June 11, 2024 by Anna Browne and Theresa Diffendal in Awards with 0 comments
Each year, Ultiworld presents our annual College Awards. Our staff evaluates the individual performances of players from throughout the season, talking to folks around college ultimate, watching film, and look at statistics, voting upon the awards to decide those to be honored. The regular season and the college Series are both considered, with extra emphasis for performances in the competitive and high-stakes environment at Nationals.
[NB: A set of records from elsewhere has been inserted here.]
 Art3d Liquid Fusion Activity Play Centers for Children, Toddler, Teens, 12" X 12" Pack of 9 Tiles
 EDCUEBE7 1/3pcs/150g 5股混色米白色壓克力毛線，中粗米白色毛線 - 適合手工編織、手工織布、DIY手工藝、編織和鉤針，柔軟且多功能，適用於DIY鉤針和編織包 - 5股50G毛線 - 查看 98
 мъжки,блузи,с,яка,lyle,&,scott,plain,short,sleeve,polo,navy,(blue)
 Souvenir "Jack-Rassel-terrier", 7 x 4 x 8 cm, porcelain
After announcing the finalists in our First-Team All-American, we are proud to present Player of the Year, our most prestigious award. Our Player of the Year winner is the best performer of the 2024 college season, and the highest vote-getter for All-American honors. The winner is not eligible for consideration in any of our other individual awards. The runner-ups are the second and third most vote-getters.
- All-American First Team
- All-American Second Team
- Player of the Year
- Offensive Player of the Year Award
- Defensive Player of the Year Award
- Breakout Player of the Year Award
- Rookie of the Year Award
- Coaches of the Year Award
D-III Women’s 2024 Player Of The Year
Julianna Galian (Portland)
What happens when an unstoppable force never meets an immovable object? You get Julianna “JJ” Galian running roughshod over the Nationals competition, leading the field with an eye-popping 43 assists, fifteen more the second-most. Galian was already a force to be reckoned with in 2023, leading her team in every stat en route to an All-American First Team appearance and BPOTY first runner-up nod. After Portland graduated 10 players from their 2023 semifinal appearance roster, Galian returned in 2024 as one of just two UPRoar seniors and ascended to an even higher level.
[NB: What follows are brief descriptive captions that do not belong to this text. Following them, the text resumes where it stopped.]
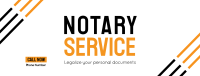 Online Notary Service Facebook Cover Design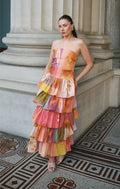 Amelia Tiered Strapless Dress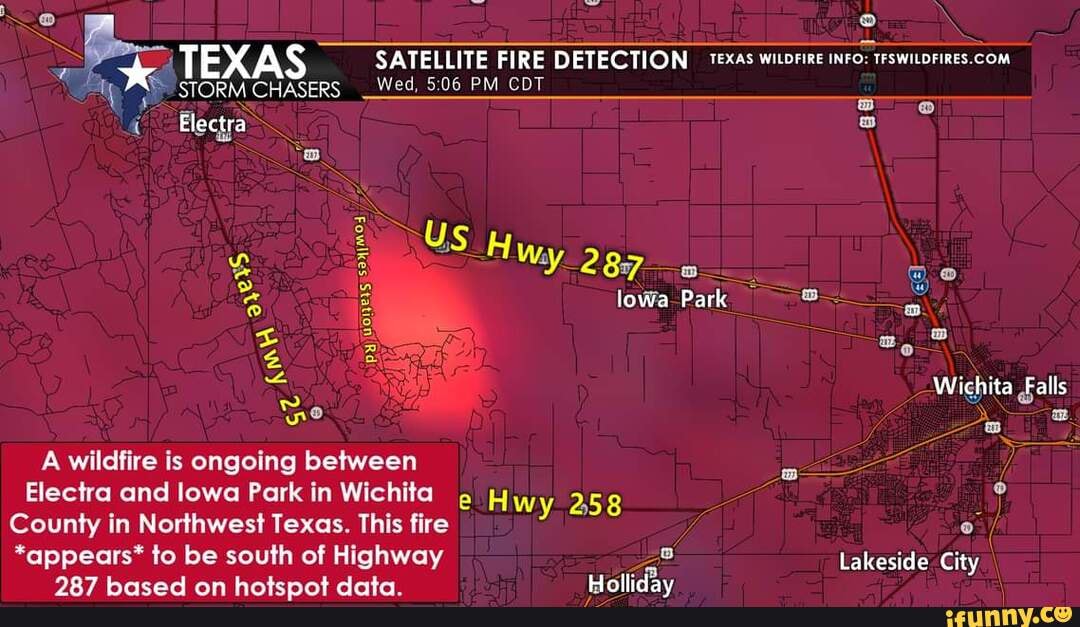 E SATELLITE FIRE DETECTION TEXAS WILDFIRE INFO STORM CHASERS _Wed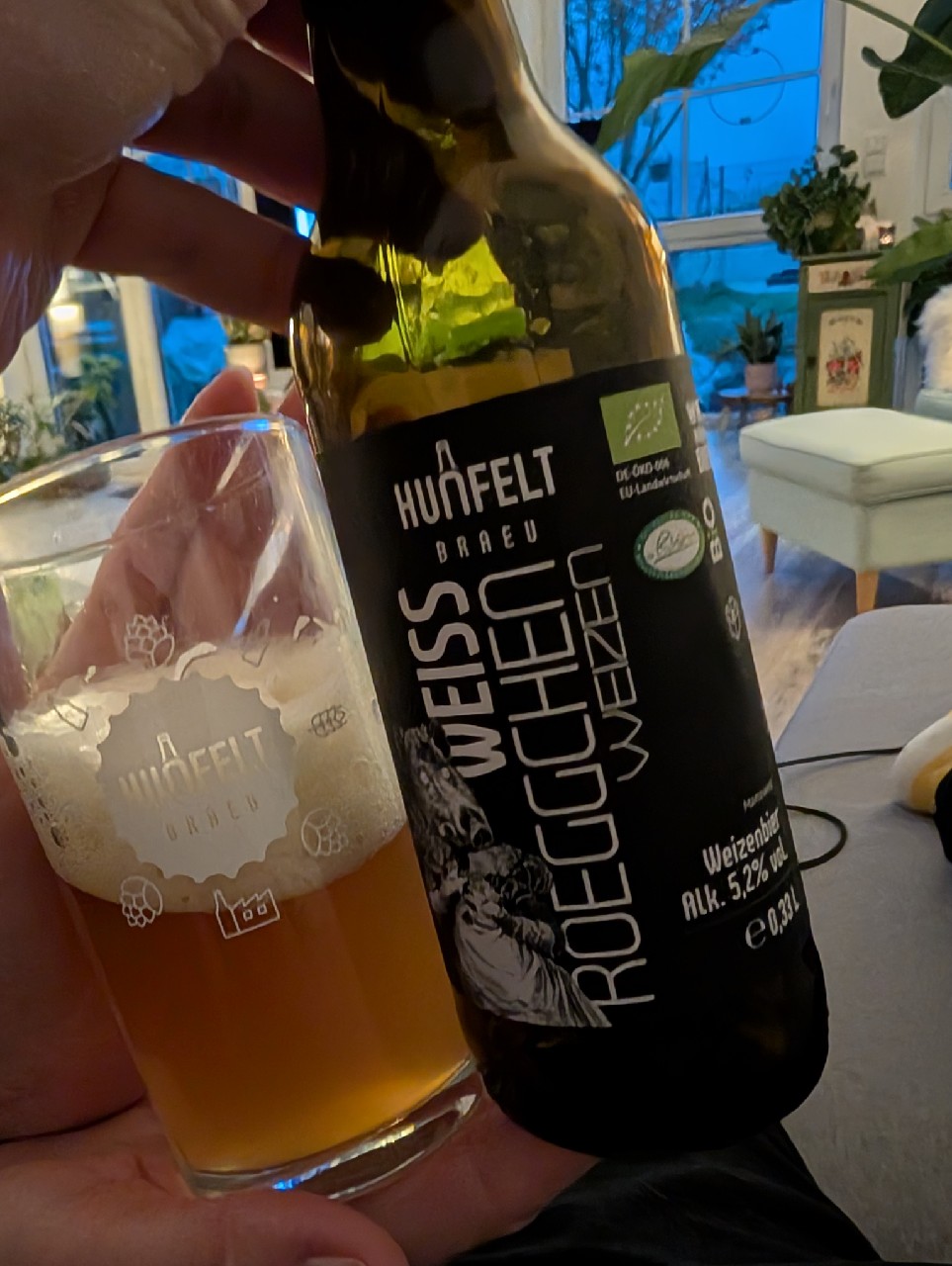 Weissroeggchen Weizen, Hunfelt Braeu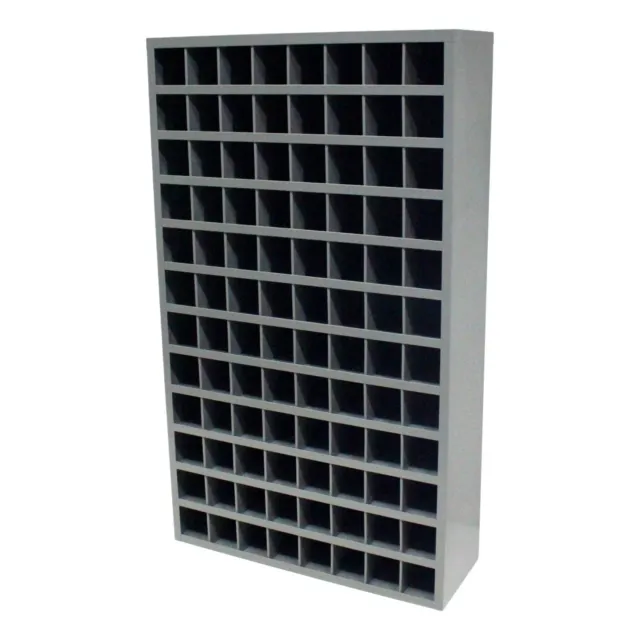 NEW Heavy Duty All Steel Bolt Bin Pigeon Hole Cabinet Small Parts Storage Unit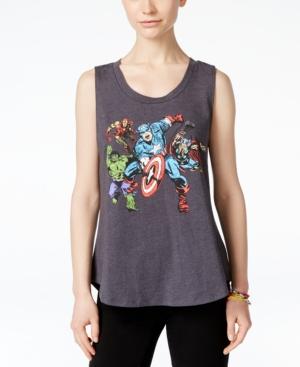 Hybrid Juniors' Marvel The Avengers Graphic Tank Top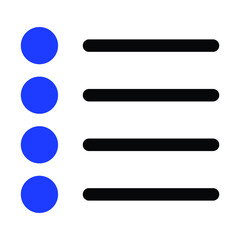 Obraz premium Bullet List Icon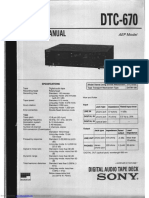 Sony DTC-670 Amplifier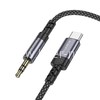 Кабель 3.5 Jack (M) - Type-C 1.0м BOROFONE BL24 (металл)
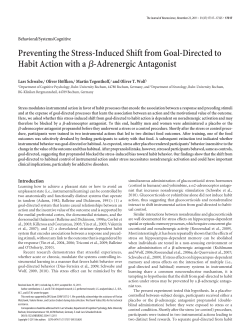 Preventing the Stress-Induced Shift from Goal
In D-III especially, a star player can have an outsized impact on the game, with a year or two of experience making a world of difference against many competing in their first ultimate season. Galian’s depth of experience in particular – making the bracket at Nationals every year with Portland and a stint on the local elite women’s club team Schwa – created a matchup impossibility as she expanded her skills arsenal to include a barrage of downfield hucks in 2024. Rarely taking a point off, Galian alternated between starting in the backfield, happy to carve up defenses with strike and seven cuts off smooth resets, and downfield, using excellent footwork and agility to gain possession in isolation and boost a well-placed huck from power position. Her combination of quickness and IQ translated perfectly to defense, where she frequently stymied the opponent’s attack with shutdown defense on handlers.1 In addition to 14 assists, Galian’s nine blocks through three pool play games ensured Portland only ceded 15 scores and were never broken.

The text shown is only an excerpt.